La carte montre la fréquence des recherches dans Google du mot « carac » en Suisse depuis 2004, avec des variations marquées entre les régions. On observe une concentration élevée des recherches dans les cantons romands, en particulier à Lausanne, Neuchâtel et Fribourg, qui apparaissent en rose plus sombre, indiquant une forte popularité du terme dans ces zones. Cette répartition suggère que le « carac », une pâtisserie typique de la Suisse romande, est particulièrement bien ancrée dans la culture romande, tandis que les régions alémaniques et italiennes montrent des niveaux de recherche plus faibles, voire inexistants.
Qu’en disent les linguistes?
Malgré sa fréquence dans les conversations de tous les jours – compte tenu de l’importance de la pâtisserie au sein de la société romande – le mot carac est passé en dessous des radars des lexicographes (c’est le nom qu’on donne aux auteurs des dictionnaires). Il ne figure dans un aucun dictionnaire de grande consultation récent, que ce soit le Robert ou le Larousse (ces derniers consignent pourtant de nombreux mots du français de Suisse romande), ni même dans le dictionnaire suisse romand (!). Seul le Wiktionnaire consacre une entrée à ce mot.

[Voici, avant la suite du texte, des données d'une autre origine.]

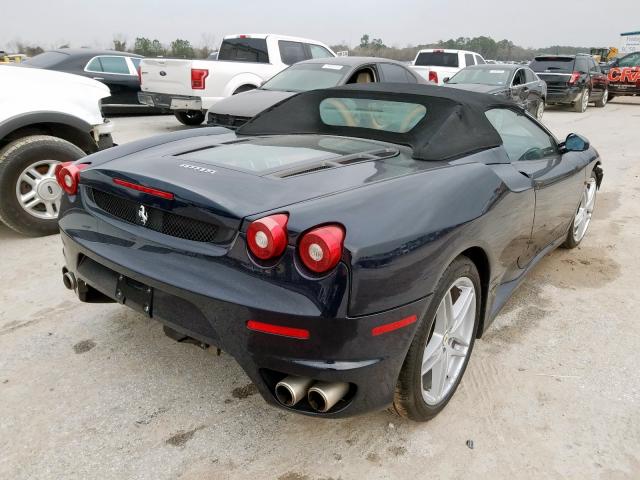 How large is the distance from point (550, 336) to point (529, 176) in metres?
0.98

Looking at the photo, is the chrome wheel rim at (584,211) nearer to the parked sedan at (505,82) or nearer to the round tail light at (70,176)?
the round tail light at (70,176)

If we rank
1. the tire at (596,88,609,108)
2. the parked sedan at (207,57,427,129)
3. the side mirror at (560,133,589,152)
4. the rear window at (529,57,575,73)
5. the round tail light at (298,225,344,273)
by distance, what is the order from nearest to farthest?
the round tail light at (298,225,344,273) < the side mirror at (560,133,589,152) < the parked sedan at (207,57,427,129) < the rear window at (529,57,575,73) < the tire at (596,88,609,108)

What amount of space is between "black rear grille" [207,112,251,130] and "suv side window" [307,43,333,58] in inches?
167

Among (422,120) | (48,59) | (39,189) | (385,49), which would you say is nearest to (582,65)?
(48,59)

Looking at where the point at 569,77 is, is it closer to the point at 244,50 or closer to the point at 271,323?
the point at 244,50

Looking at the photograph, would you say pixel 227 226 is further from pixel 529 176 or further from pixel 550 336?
pixel 550 336

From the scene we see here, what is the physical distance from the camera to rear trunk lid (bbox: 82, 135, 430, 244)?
2.04 m

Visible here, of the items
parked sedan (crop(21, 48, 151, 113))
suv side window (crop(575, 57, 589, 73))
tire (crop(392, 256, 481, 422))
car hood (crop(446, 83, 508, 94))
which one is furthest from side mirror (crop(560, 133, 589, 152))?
suv side window (crop(575, 57, 589, 73))

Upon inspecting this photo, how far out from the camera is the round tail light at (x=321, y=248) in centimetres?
180

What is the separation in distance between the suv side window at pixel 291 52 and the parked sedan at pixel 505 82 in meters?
2.99

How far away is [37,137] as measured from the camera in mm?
4445

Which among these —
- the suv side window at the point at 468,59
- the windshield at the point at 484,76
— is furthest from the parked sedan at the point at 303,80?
the suv side window at the point at 468,59

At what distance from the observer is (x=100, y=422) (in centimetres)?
236

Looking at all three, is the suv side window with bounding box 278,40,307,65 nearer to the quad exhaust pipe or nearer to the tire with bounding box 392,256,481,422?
the tire with bounding box 392,256,481,422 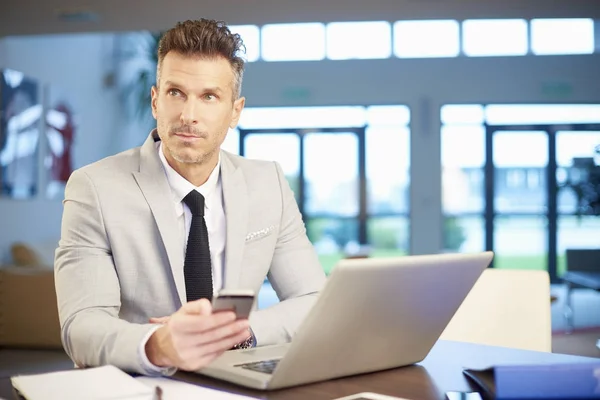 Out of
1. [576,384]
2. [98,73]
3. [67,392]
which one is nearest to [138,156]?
[67,392]

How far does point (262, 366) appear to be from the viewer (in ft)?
4.17

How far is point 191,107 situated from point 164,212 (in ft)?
0.94

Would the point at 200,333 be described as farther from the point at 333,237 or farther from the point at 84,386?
the point at 333,237

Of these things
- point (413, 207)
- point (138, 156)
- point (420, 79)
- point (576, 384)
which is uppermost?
point (420, 79)

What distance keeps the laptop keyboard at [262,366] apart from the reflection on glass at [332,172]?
10068mm

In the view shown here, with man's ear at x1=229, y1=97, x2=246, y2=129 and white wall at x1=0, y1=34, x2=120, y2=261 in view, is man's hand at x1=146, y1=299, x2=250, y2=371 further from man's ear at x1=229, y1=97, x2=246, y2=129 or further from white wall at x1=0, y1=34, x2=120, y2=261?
white wall at x1=0, y1=34, x2=120, y2=261

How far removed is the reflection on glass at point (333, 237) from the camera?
1128 cm

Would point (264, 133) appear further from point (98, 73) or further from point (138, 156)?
point (138, 156)

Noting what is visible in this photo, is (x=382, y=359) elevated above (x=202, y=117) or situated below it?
below

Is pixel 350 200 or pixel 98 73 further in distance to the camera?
pixel 350 200

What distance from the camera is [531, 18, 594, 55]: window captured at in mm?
10781

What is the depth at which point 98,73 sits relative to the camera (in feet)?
32.5

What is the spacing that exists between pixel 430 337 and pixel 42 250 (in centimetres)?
650

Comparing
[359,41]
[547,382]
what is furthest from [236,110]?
[359,41] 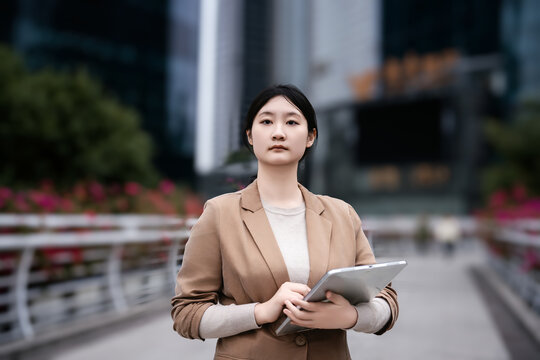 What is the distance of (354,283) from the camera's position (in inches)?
64.1

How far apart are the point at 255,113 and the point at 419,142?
45108 millimetres

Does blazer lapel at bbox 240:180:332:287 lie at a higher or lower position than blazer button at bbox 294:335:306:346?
higher

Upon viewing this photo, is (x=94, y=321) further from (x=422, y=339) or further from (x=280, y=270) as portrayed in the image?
(x=280, y=270)

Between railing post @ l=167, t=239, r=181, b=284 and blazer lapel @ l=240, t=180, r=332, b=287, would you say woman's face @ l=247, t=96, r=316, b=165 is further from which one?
railing post @ l=167, t=239, r=181, b=284

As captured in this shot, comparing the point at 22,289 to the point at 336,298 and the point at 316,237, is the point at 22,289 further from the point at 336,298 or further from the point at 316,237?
the point at 336,298

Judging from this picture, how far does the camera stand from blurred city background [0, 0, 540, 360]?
2424 millimetres

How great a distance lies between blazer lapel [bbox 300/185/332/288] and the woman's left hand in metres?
0.13

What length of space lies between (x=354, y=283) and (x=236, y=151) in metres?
0.81

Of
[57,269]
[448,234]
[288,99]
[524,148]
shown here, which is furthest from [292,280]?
[524,148]

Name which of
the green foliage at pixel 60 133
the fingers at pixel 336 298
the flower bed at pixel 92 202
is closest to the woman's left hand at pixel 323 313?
the fingers at pixel 336 298

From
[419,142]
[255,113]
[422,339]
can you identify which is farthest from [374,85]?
[255,113]

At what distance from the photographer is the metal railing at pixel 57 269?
5.39m

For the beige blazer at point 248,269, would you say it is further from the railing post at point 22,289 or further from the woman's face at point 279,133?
the railing post at point 22,289

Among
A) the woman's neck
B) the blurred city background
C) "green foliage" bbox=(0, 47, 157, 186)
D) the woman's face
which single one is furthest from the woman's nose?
"green foliage" bbox=(0, 47, 157, 186)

Le fichier de français régional du Centre de dialectologie de l’université de Neuchâtel est une archive qui comporte environ 120 000 fiches, sur lesquelles sont répertoriés des mots et des expressions employées en Suisse mais qui n’appartiennent pas au français de référence (c’est-à-dire aux mots qui font l’objet d’entrées dans marque régionale dans les dictionnaires comme le Robert et le Larousse). Le fichier, qui a notamment servi de base à la création du Dictionnaire suisse romand rédigé par André Thibault, ne comporte aucune attestation du terme carac.
Cela s’explique en raison du caractère régionalement sous-spécifié du terme carac: aucun spécialiste n’a jamais pensé – ou remarqué – qu’il s’agissait d’un mot typiquement romand.
En dialectologie, on dirait que le régionalisme constitue un statalisme. Ce terme, proposé par un chercheur belge, s’emploie pour parler de phénomènes linguistiques (mots, expressions ou prononciations) dont l’aire d’extension coïncide avec les frontières politiques d’une région.
Quant à l’étymologie du mot, puisqu’on ne dispose d’aucune source historique sûre, on ne peut se contenter que d’hypothèses. Aussi, il est fort probable, comme le propose le Patrimoine culinaire suisse, que le carac tire son nom du mot ‘caraque,’ qui désigne, dès la fin du XVIIIe s., un cacao de qualité supérieure, produit dans la capitale du Venezuela, Caracas.